From Wikipedia, the free encyclopedia
Jump to: navigation, search

David Aiken (October 4, 1917 – July 23, 2011) was an American operatic baritone, opera director, and United States Army Air Corps (USSAC) officer. He was particularly associated with the works of Gian Carlo Menotti, and is best remembered for creating the role of King Melchior in the world premiere of Menotti's Amahl and the Night Visitors.

Life and career[edit]

Born in Benton, Illinois, Aiken studied English at Southern Illinois Normal College, where he matriculated in 1935. While a student there he was a member of the university's choir and studied singing privately with Grace Duty in Marion, Illinois. After earning his diploma in 1939, he briefly worked as a high school English teacher and track coach before accepting a post with the St. Louis Municipal Opera. He left that position in 1942 to join the USAAC, where he was trained as a fighter pilot and commissioned as a second lieutenant. He spent the remainder of World War II flying the Consolidated B-24 Liberator for missions in both Germany and Italy. He remained a reserve officer and command pilot in the Air Force with the rank of lieutenant colonel up through 1972.[1]

After World War II, Aiken pursued further studies in music at the Jacobs School of Music of Indiana University Bloomington. Shortly after completing these studies, he made his debut on Broadway in May 1950 in the original production of Gian Carlo Menotti's The Consul; having replaced George Jongeyans as Mr. Kofner. After the show closed the following November, he and several of the other Broadway cast members took the show on tour for performances in Paris and London. He later returned to Broadway in March 1954 to create the role of Eddington in the original production of Sigmund Romberg's The Girl in Pink Tights. He left that show in June 1954 only to return to Broadway the following December to originate the role of Salvatore in the premiere of Menotti's The Saint of Bleecker Street.[2][3]

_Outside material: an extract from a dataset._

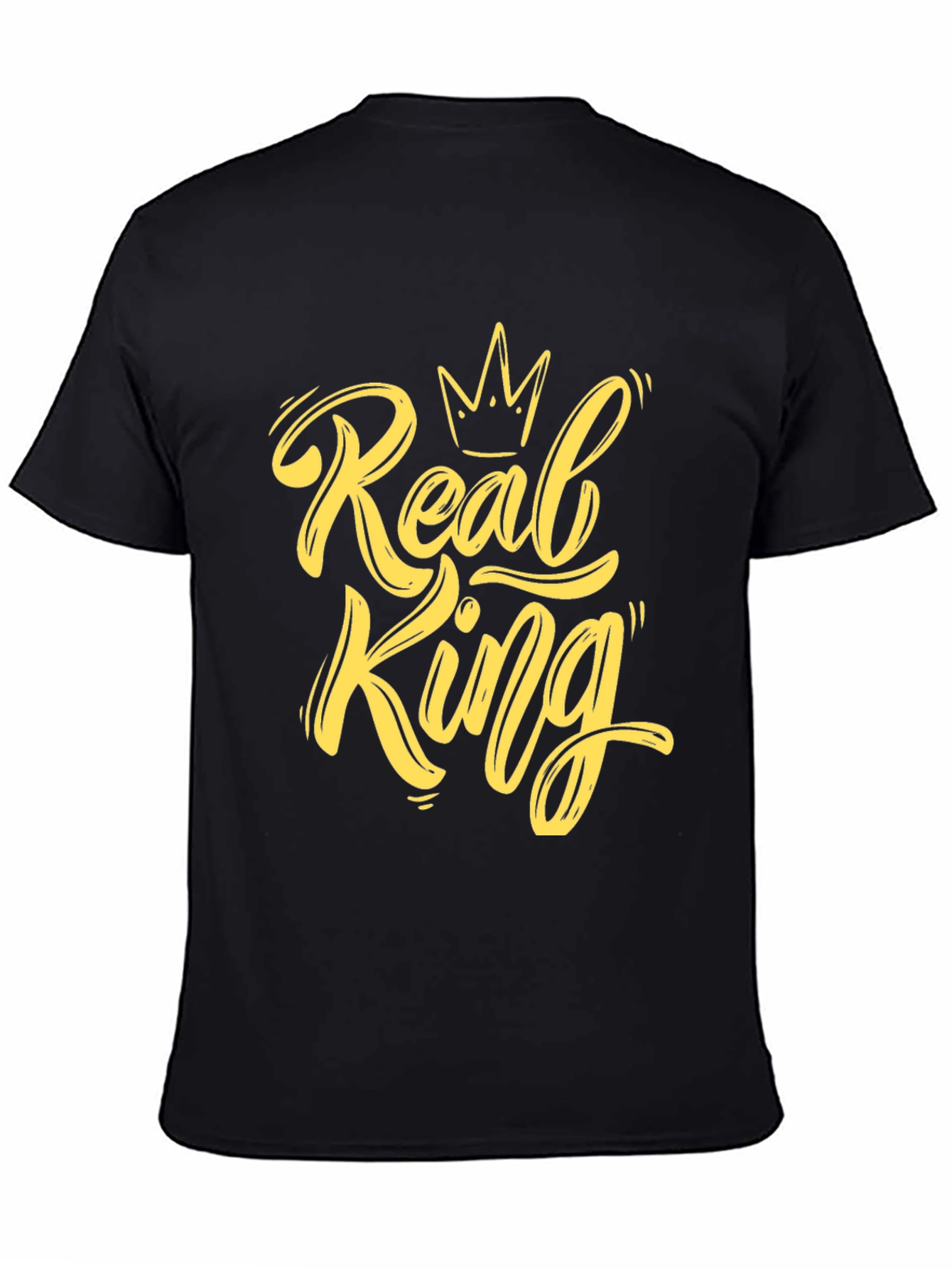 Real King Graphic Tee - Mens Black Crew Neck T-Shirt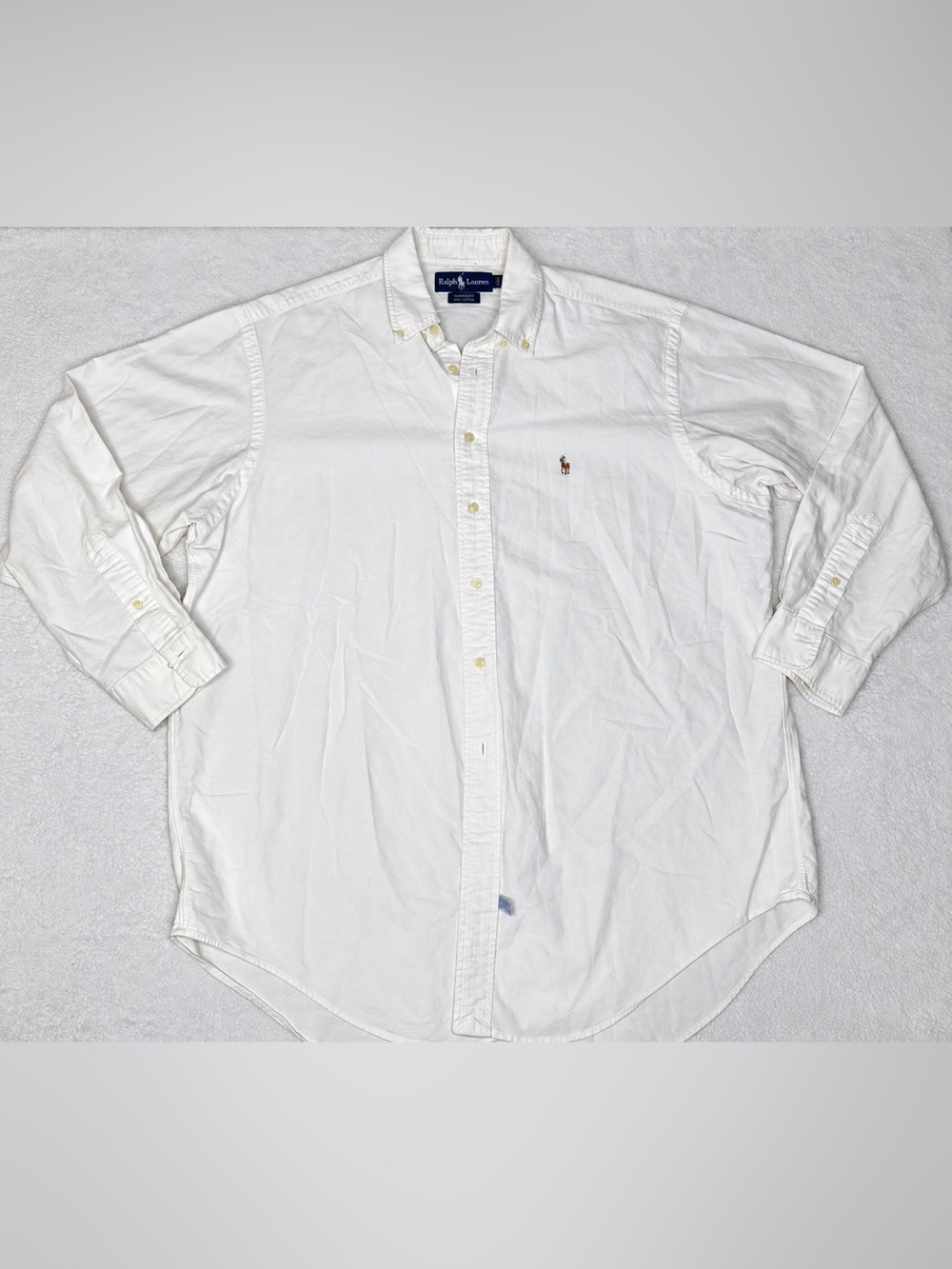 Ralph Lauren Yarmouth Men’s 17-34 White 100% Cotton Oxford Button Down Shirt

After the critical success of The Consul, Menotti was invited by NBC to compose an opera for television which was to be performed by the newly created NBC Opera Theatre (NBCOT). What resulted was the highly successful Christmas opera Amahl and the Night Visitors which was premiered on Christmas Eve of 1951 in a national broadcast to millions.[4] For this production, Menotti enlisted the forces of many of the singers from The Consul; including Aiken who was cast in the role of King Melchior.[3] He continued to portray that role, along with the other original adult cast members, for annual live television broadcasts up through 1962.[5] They also gave annual national tours of Amahl, performing with symphony orchestras in concerts throughout the United States.[6]

In 1968 Aiken joined the voice faculty at the Indiana University Jacobs School of Music where he taught for many years. During the 1970s and 1980s he operated the David Aiken Touring Opera Company which presented annual tours of Amahl and the Night Visitors. Aiken directed the productions and continued to perform the role of King Melchior as well.[7][8]

David Aiken died in Linton, Indiana at the age of 93.[9]


  1. ^ Biography of David Aiken
  2. ^ Frances Stephens. The Theatre World Annual, Rockliff, 1951.
  3. ^ a b John Ardoin. The Stages of Menotti, Doubleday Press, 1985
  4. ^ Olin Downes (December 25, 1951). "Menotti Opera, the First for TV, Has Its Premiere". The New York Times. 
  5. ^ Paul Gruber. "The Metropolitan Opera guide to recorded opera". Google Books. 
  6. ^ Mitchell Hadley. "Three Kings in 50 Minutes". 
  7. ^ "Amahl' To Be Staged In Asheville". Asheville Times. December 11, 1985. 
  8. ^ "'Amahl' Has Touch of Authenticity", Los Angeles Times, December 6, 1983
  9. ^ Greene County Daily World (July 24, 2011). "Obituary: David M. Aiken"

External links[edit]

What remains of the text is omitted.